Sheetz, a Pennsylvannia-based family business operating over 600 convenience stores across six states, is being sued by the Joe Biden regime’s Equal Employment Opportunity Commission (EEOC), which says the chain “violated federal law by denying employment to a class of job applicants because of their race.”
Notionally independent, the EEOC is run by Charlotte Burrows, a Democrat and former aide to the late Senator Ted Kennedy.
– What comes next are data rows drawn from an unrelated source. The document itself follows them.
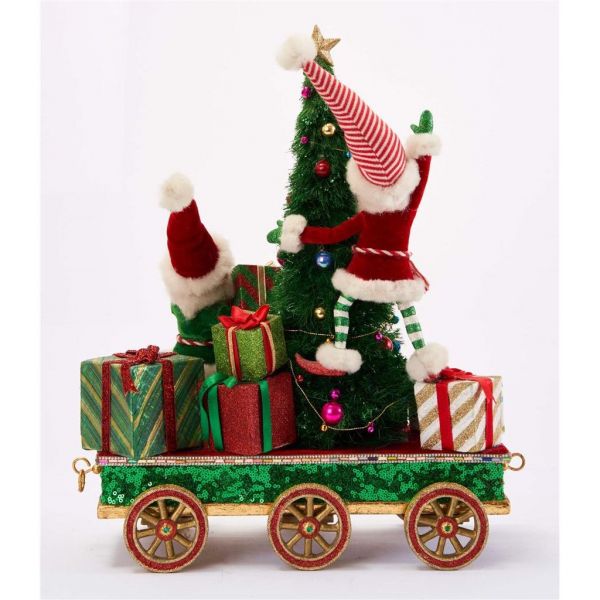 Новогодний декор рождественская повозка с эльфами 44 см KC 28-028766 KATHERINE`S COLLECTION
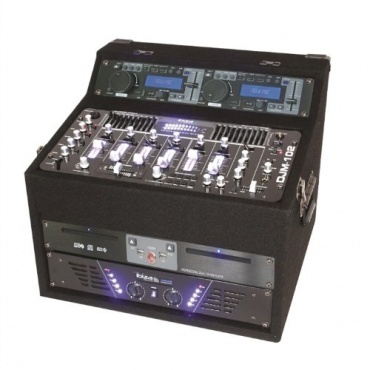 DJ1000MKII Prof. DJ-Station Universal DJ-Controller-Pult Rackcase-Set mit Profi-Mixer, 300W Verstärker und 2-Deck-Doppel-CD-Player von Ibiza Bild 1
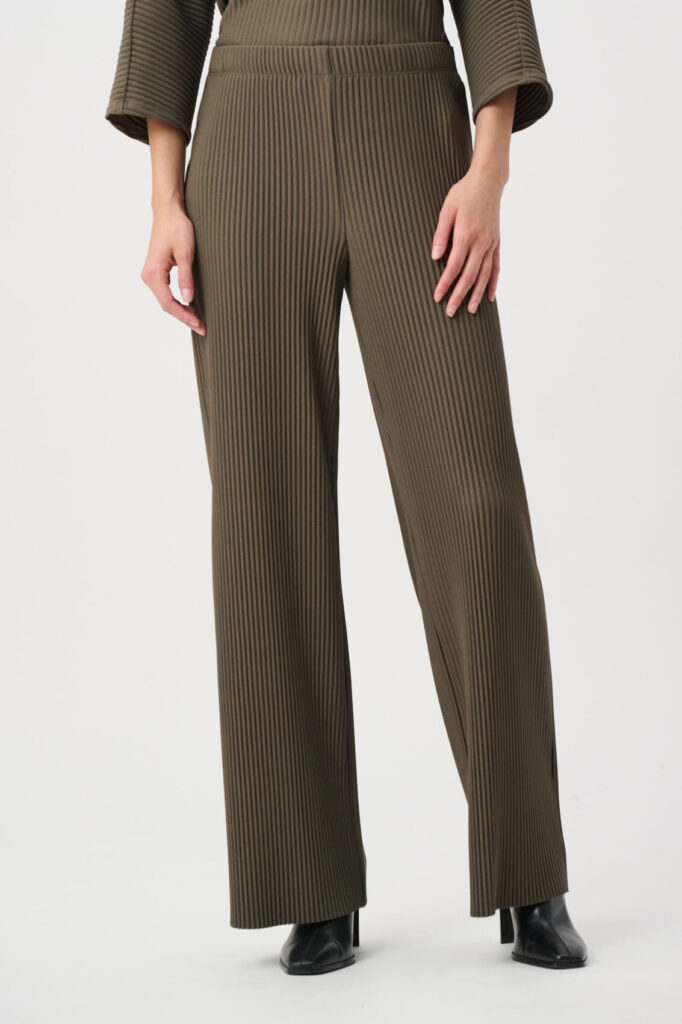 Joseph Ribkoff 254006 Avocado Pleated Wide Leg Trousers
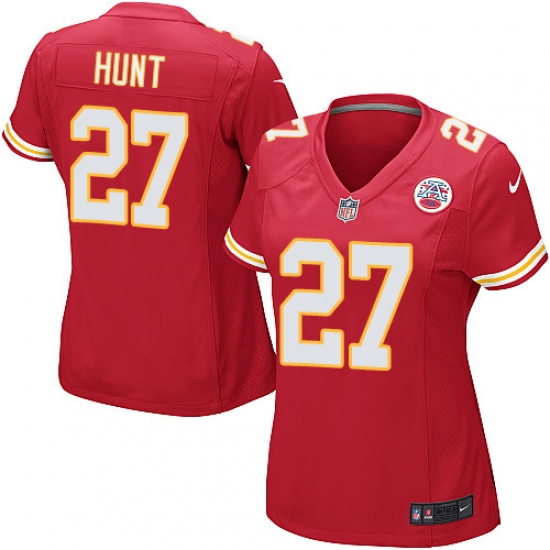 Women's Nike Kansas City Chiefs 27 Kareem Hunt Game Red Team Color NFL Jersey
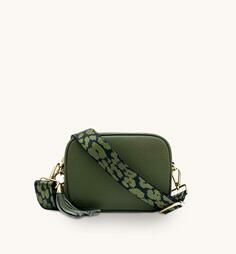 Оливково-зеленая кожаная сумка через плечо с оливково-зеленым ремешком в форме гепарда Apatchy London, зеленый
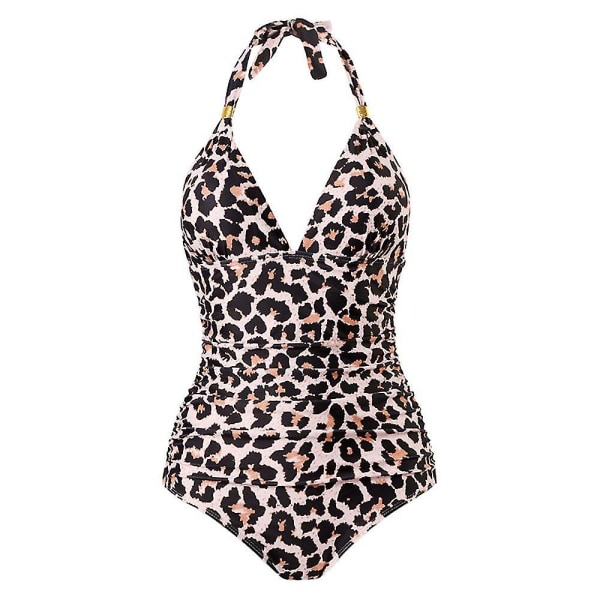 Badedrakt i ett stykke for kvinner Halter Polstret Bikini Monokini Badedrakt Beachwear Badedrakt Leopard L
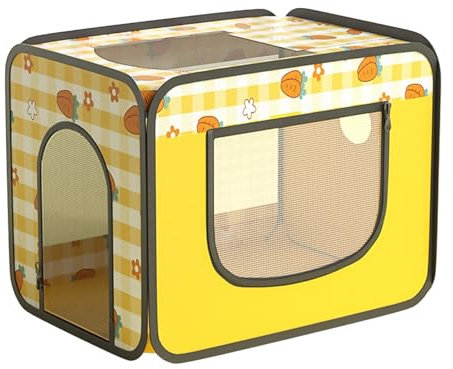 Moreeulsi Jaula Plegable para Perros, Caja de Secado para Perros | Perrera portátil para Perros,Caja Secadora Impresa Colorida portátil, Perrera Transpirable para Perros pequeños y medianos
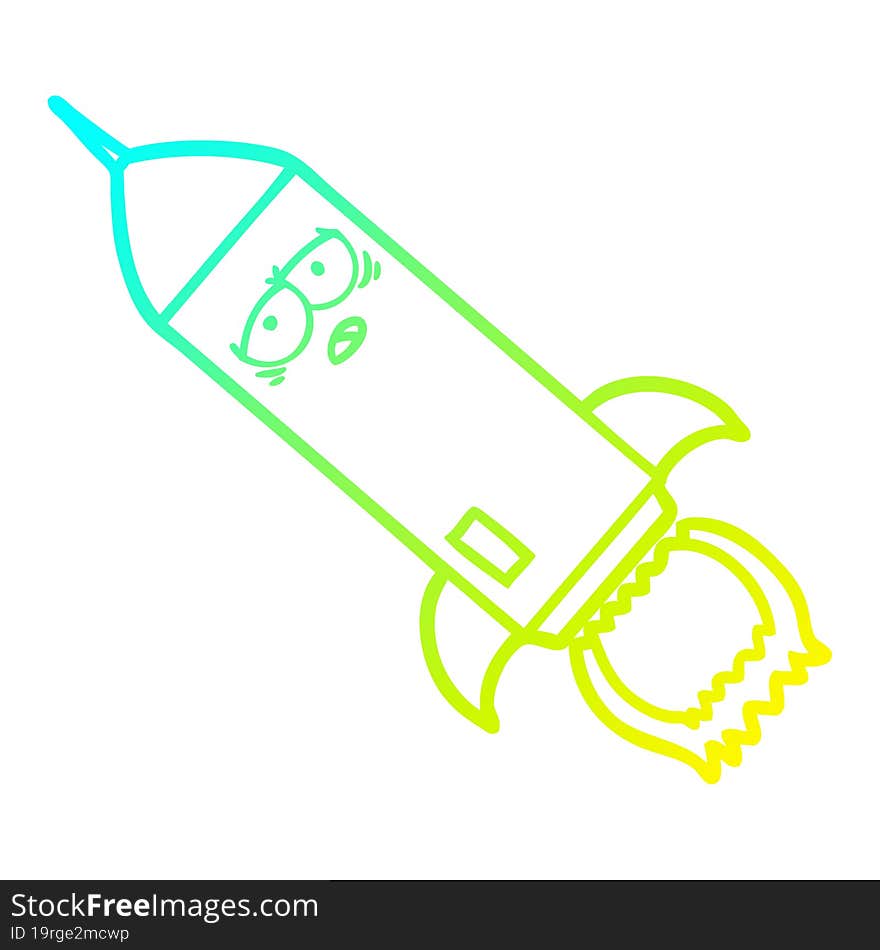 Cold Gradient Line Drawing Cartoon Rocket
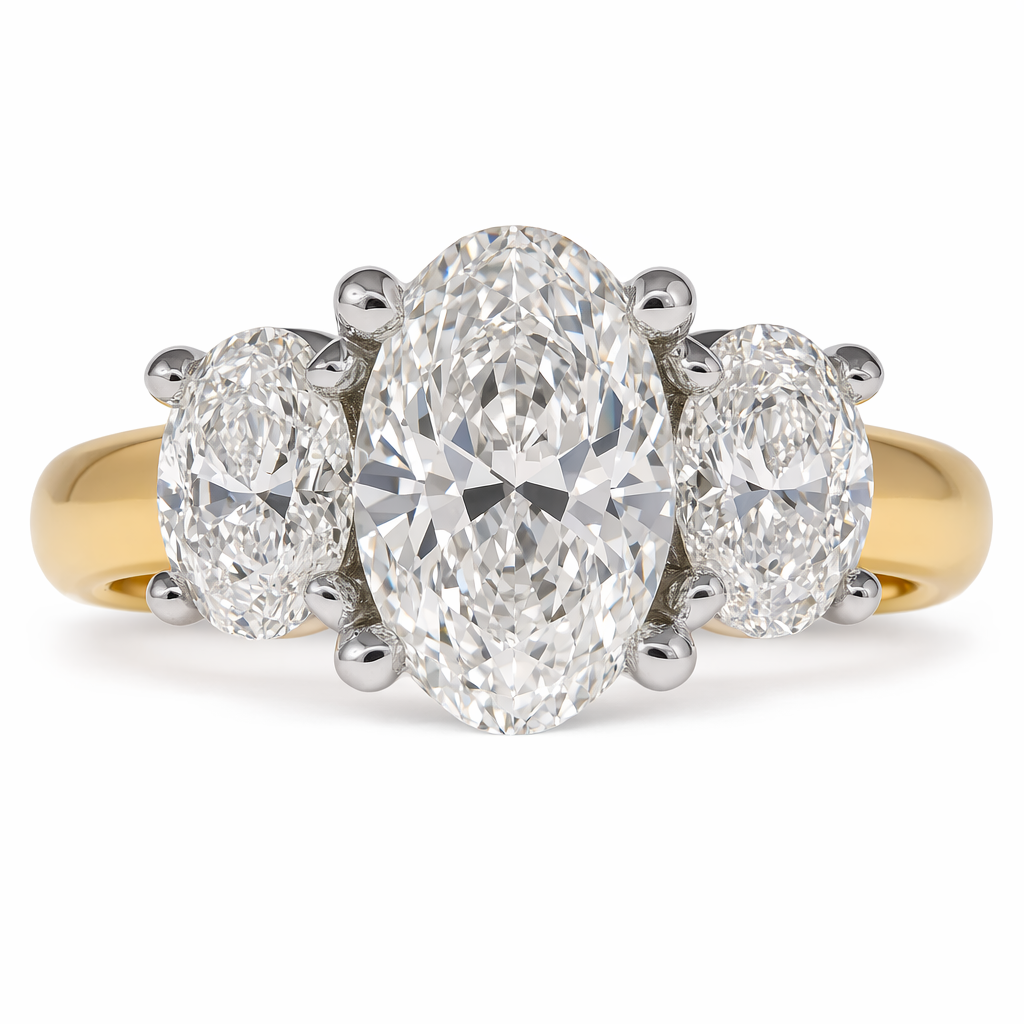 Three Stone Oval Diamond Ring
In a statement, the agency admits it “does not allege that Sheetz was motivated by race when making hiring decisions,” but insists the chain still discriminated against minorities by “screening all job applicants for records of criminal conviction and then denying them employment based on those records.”
The agency explained, “Federal law mandates that employment practices causing a disparate impact because of race or other protected classifications must be shown by the employer to be necessary to ensure the safe and efficient performance of the particular jobs at issue.”
“Even when such necessity is proven, the practice remains unlawful if there is an alternative practice available that is comparably effective in achieving the employer’s goals but causes less discriminatory effect,” they added.
Sheetz, which is being sued under Title VII of the Civil Rights Act of 1964, says “[d]iversity and inclusion are essential parts of who we are” and that they have “attempted to work with the EEOC for nearly eight years to find common ground and resolve this dispute.”
The EEOC wants the chain to offer jobs to minorities it turned down, including back pay and retroactive benefits.
The federal government has launched many lawfare cases since Joe Biden took office. Multiple prosecutions of Donald Trump have been mounted, and lawsuits have been lodged empowering federal officials to dismantle state border defenses and block state-level border control laws in Texas.